*** Exercise data ***

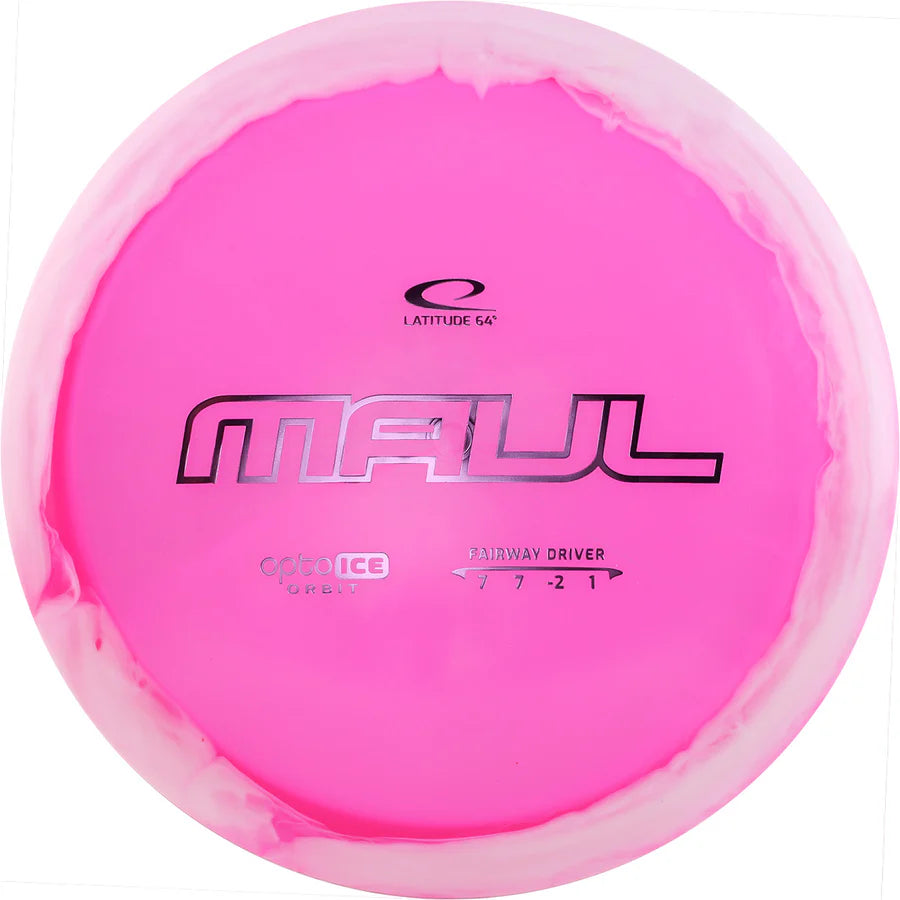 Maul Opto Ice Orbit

*** End of Exercise data ***
*** Exercise data ***

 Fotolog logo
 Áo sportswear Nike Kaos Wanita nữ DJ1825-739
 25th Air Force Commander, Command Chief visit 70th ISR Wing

*** End of Exercise data ***

§ **What the exercise asks**
Starting at the line that has "Fotolog logo" and ending at the line that has "25th Air Force", please write out the lines above exactly, leaving out all others.

§ **Solution to this exercise**
 Fotolog logo
 Áo sportswear Nike Kaos Wanita nữ DJ1825-739
 25th Air Force Commander, Command Chief visit 70th ISR Wing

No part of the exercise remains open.